#### WHAT THE TASK ASKS
For the records below, reproduce exactly the line that contains "Aerial view of" and all subsequent lines, with nothing left out and nothing added.

#### MATERIAL SHOWN
▼

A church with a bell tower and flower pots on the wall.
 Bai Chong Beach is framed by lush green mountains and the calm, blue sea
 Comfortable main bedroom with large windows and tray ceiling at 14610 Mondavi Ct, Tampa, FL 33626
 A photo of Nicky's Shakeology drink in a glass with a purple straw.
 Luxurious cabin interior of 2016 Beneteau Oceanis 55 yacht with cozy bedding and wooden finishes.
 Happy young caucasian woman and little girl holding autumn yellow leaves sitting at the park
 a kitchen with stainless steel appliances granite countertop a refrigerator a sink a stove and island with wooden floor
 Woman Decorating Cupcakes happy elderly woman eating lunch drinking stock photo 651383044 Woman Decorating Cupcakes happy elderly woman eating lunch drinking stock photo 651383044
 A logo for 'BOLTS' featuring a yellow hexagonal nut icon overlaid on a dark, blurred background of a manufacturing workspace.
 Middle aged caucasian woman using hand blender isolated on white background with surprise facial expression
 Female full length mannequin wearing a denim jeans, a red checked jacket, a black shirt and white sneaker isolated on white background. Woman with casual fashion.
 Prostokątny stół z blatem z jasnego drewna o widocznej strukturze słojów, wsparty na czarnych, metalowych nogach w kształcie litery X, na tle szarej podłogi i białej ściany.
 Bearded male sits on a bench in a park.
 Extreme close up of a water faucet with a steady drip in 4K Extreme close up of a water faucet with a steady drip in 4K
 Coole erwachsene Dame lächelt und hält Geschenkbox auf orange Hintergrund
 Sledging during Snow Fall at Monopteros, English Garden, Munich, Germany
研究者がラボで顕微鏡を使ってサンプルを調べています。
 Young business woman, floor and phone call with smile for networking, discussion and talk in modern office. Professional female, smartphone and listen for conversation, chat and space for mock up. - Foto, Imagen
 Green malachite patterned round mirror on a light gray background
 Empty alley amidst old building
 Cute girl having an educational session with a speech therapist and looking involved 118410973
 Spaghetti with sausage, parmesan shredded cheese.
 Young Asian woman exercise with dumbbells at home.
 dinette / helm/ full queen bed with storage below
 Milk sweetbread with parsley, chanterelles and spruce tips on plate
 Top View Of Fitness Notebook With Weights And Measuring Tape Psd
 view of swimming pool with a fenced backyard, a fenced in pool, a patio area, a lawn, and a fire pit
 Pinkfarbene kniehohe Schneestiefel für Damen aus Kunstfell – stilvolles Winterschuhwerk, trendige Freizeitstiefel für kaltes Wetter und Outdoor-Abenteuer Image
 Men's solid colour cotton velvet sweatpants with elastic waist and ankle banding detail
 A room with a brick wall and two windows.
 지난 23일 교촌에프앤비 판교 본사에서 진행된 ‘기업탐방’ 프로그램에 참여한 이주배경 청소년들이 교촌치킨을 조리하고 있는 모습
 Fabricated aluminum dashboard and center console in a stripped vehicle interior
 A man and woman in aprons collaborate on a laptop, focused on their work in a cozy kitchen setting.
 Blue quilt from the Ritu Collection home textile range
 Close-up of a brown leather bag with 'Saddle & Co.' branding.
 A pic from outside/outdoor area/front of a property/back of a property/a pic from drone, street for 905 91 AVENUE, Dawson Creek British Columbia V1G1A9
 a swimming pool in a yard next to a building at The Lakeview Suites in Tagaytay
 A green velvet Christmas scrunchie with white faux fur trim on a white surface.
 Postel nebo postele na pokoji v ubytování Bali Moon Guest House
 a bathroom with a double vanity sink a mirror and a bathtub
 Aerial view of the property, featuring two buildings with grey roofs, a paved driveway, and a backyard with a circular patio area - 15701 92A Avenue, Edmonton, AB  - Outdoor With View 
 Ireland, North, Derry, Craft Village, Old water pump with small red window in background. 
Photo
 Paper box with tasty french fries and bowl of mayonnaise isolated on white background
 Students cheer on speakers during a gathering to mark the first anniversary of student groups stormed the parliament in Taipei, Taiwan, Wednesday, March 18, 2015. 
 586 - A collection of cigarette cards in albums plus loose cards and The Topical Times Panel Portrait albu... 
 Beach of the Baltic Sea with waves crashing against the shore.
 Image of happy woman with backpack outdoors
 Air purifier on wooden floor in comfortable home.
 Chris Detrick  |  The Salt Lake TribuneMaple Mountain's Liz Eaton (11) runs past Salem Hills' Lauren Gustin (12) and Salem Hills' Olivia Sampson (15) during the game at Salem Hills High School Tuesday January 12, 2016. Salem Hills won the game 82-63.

▲

#### ANSWER BOX
 Aerial view of the property, featuring two buildings with grey roofs, a paved driveway, and a backyard with a circular patio area - 15701 92A Avenue, Edmonton, AB  - Outdoor With View 
 Ireland, North, Derry, Craft Village, Old water pump with small red window in background. 
Photo
 Paper box with tasty french fries and bowl of mayonnaise isolated on white background
 Students cheer on speakers during a gathering to mark the first anniversary of student groups stormed the parliament in Taipei, Taiwan, Wednesday, March 18, 2015. 
 586 - A collection of cigarette cards in albums plus loose cards and The Topical Times Panel Portrait albu... 
 Beach of the Baltic Sea with waves crashing against the shore.
 Image of happy woman with backpack outdoors
 Air purifier on wooden floor in comfortable home.
 Chris Detrick  |  The Salt Lake TribuneMaple Mountain's Liz Eaton (11) runs past Salem Hills' Lauren Gustin (12) and Salem Hills' Olivia Sampson (15) during the game at Salem Hills High School Tuesday January 12, 2016. Salem Hills won the game 82-63.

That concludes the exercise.